錢科長得了實惠,老徐掙了臉面,王重得了何雨柱的人情,何雨柱則為妹妹找到了工作,四人各有所獲,又酒足飯飽,高高興興的出了東來順。
一邊往外走,王重一邊說道“錢科長,聽說令郎快二十了,這馬上就要該對象,結婚了吧”
“八字還沒一撇呢”
“科長,這您就謙虛了吧,令郎少年英才,十八大員之一的售貨員,又有您幫襯著,那些好姑娘不上趕著撲過來,您吶,就等著吃兒媳婦敬的茶吧”
這話直接說到錢科長的心坎上了,可嘴上仍舊謙虛著“那小子要真這么爭氣就好了”
王重繼續道“何師傅不會別的,但這手做菜的本事,除了那些做國宴的大師傅,這滿北平也劃拉不出幾個來,到時候您要是用得上,何師傅一準隨叫隨到,保管叫您滿意。”
旁邊的老徐也幫腔道“老錢,你別說,就何師傅這手藝,咱們整個軋鋼廠也找不出第二個來”
說著還順帶給何雨柱使了個眼色,何雨柱也不傻,趕忙表態“錢科長,只要您一句話,指哪兒我就就打哪兒,絕不含糊”
“何師傅”錢科長臉上笑容更甚“那到時候我可不跟你客氣”
“錢科長說的這是什么話,替您辦事,不都是應該的嗎”這話自然是王重說的,不過何雨柱也笑著默認了。
老徐也在旁邊幫腔,有一搭沒一搭的說著。
好不容易把兩個科長送走,王重總算松了口氣,看著旁邊的何雨柱叮囑道“柱哥,這事兒沒成之前,您可千萬記得保密,萬一漏了風聲,雨水這工作黃了不說,連我也得跟著吃瓜落,咱們可千萬別干那些事兒沒辦成,反而得罪人的事情。”
何雨柱拍著胸脯保證道“兄弟放心,哥哥雖然混了點,但也知道輕重,這事兒全靠你幫著牽線搭橋才能辦成,事情沒成之前,我保證一個字都不往外說。”

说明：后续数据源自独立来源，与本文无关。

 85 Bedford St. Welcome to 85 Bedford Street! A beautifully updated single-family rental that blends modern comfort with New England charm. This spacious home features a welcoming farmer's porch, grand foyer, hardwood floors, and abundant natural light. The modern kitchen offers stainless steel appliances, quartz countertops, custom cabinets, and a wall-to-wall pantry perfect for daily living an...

“柱哥,我覺著吧,這事兒就算成了,你也別往外說,特別是別提是莪給你牽線搭橋的。”
“為啥”何雨柱不記得問道。
“柱哥,你說別人要是知道了這事兒,他們也都過來找我幫忙,大家左鄰右舍的,你說我幫還是不幫”
“我剛來咱們廠里才小半年,因著上個月立了點小功,才在我們科長那兒有點情分,,可連我自己都還沒轉正呢,”
“不過一大爺那兒”何雨柱忽然想起要找一大爺借肉票的事情。
“不怕賊偷,就怕賊惦記,多一個人知道就多一分泄露的風險,不行的話,一大爺那兒就先別去了,肉票的事情,我幫你想辦法”王重想了想道。
倒不是擔心一大爺那兒出什么岔子,就擔心半道上又被許大茂聽了去,到時候再使點壞,把這事兒給攪黃了。
想成一件事情不容易,可想壞一件事情,那法子可多了去了。
“你有法子”何雨柱好奇的問道。
“就我那同學,他家里不是在肉聯廠有關系嗎,認識的人也比咱們多,大不了再多給他點好處,讓他幫著想想法子。”
“不過弄票的錢可得你自己出”
“這是肯定的”
“走吧,咱們先回去”
王重騎著自行車,載著何雨柱往四合院而去。
二人在東來順耽擱了一陣,回來的時候天就開始黑了,等回到四合院,天已經完全黑了。
王重剛進門喝了口水,屁股還沒坐熱,何雨柱就提著一網兜的土特產趕了過來,一進門就把網兜擺到桌上,從懷里揣出一沓錢來,數出二十張張大團結,遞給王重。
“兄弟,你去找你同學,肯定不能空著手去,至于這剩下的,就當是哥哥的心意了”沒等王重拒絕,何雨柱就道。
“你幫了我這么大一忙,又廢了這么大的人情,我實在不知道該怎么感謝你才好,這點錢就當是我的一番心意,你千萬別推辭,不然我往后都不敢見你了”
“行,既然柱哥把話都說到這份上了,那我也就不跟你客氣了,這錢我就收下了”
“應該的,應該的。”何雨柱臉上露出如釋重負的笑容來。